START SUPPLIED MATERIAL

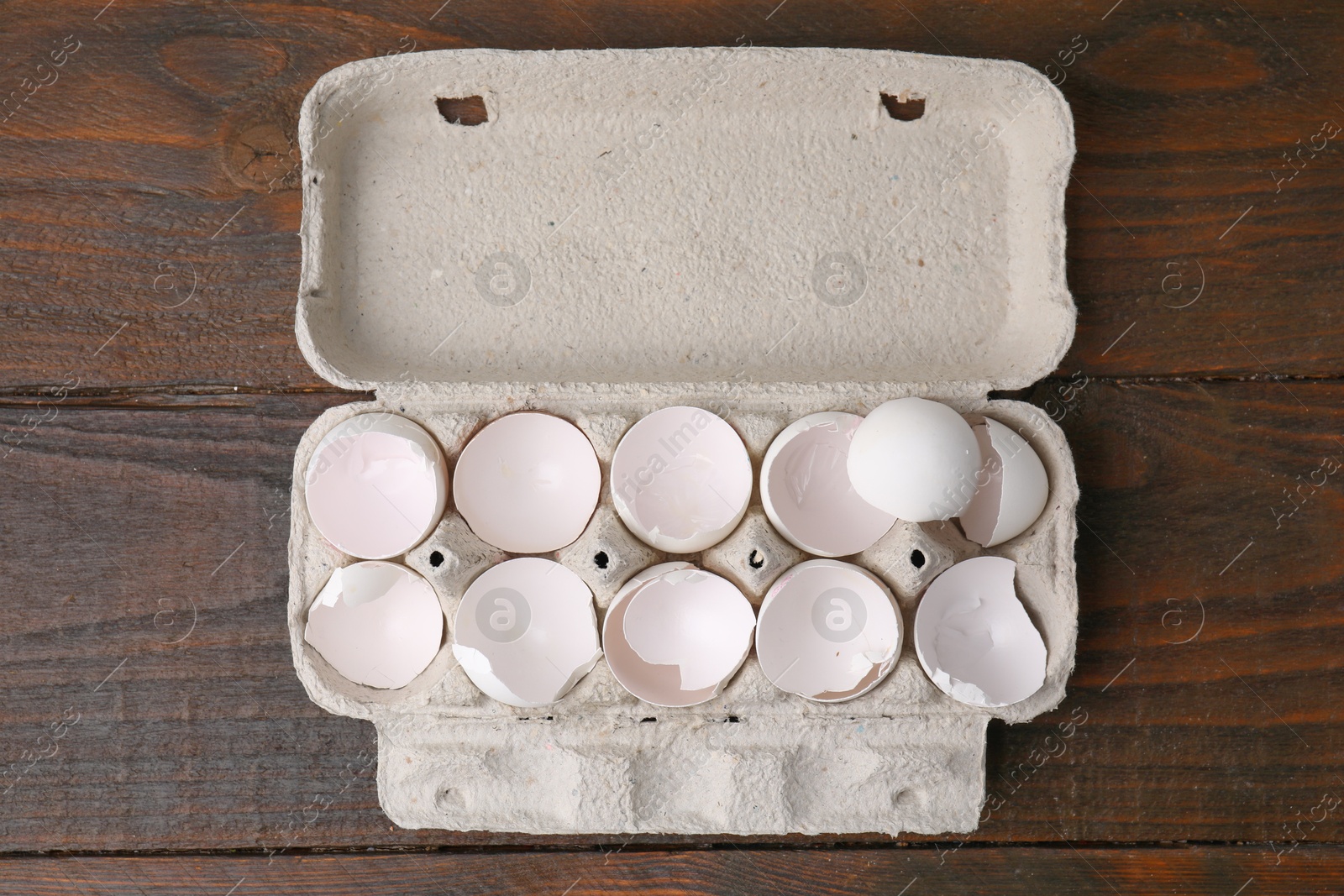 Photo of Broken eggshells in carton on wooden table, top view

END SUPPLIED MATERIAL
START SUPPLIED MATERIAL

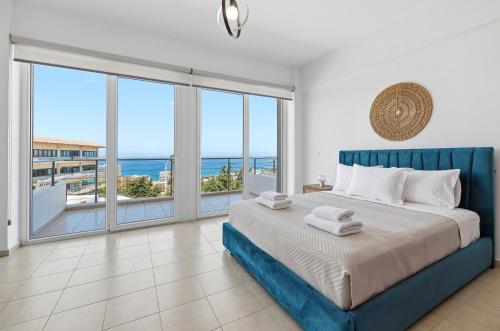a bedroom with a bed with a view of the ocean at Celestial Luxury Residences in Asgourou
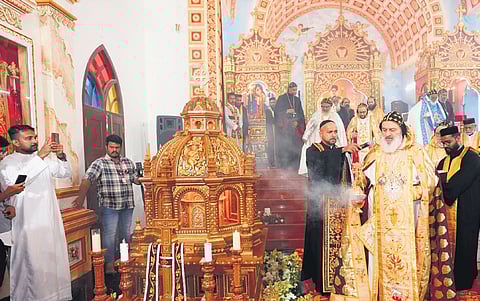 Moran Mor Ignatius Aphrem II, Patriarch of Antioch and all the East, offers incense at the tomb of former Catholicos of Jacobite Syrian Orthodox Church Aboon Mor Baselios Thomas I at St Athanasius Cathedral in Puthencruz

END SUPPLIED MATERIAL

• [GOAL OF THE EXERCISE]
Using the entries above, repeat exactly the lines from the one with "a bedroom with" to the one with "Moran Mor Ignatius", both included, and leave the pictures behind.

• [WRITTEN ANSWER]
a bedroom with a bed with a view of the ocean at Celestial Luxury Residences in Asgourou
 Moran Mor Ignatius Aphrem II, Patriarch of Antioch and all the East, offers incense at the tomb of former Catholicos of Jacobite Syrian Orthodox Church Aboon Mor Baselios Thomas I at St Athanasius Cathedral in Puthencruz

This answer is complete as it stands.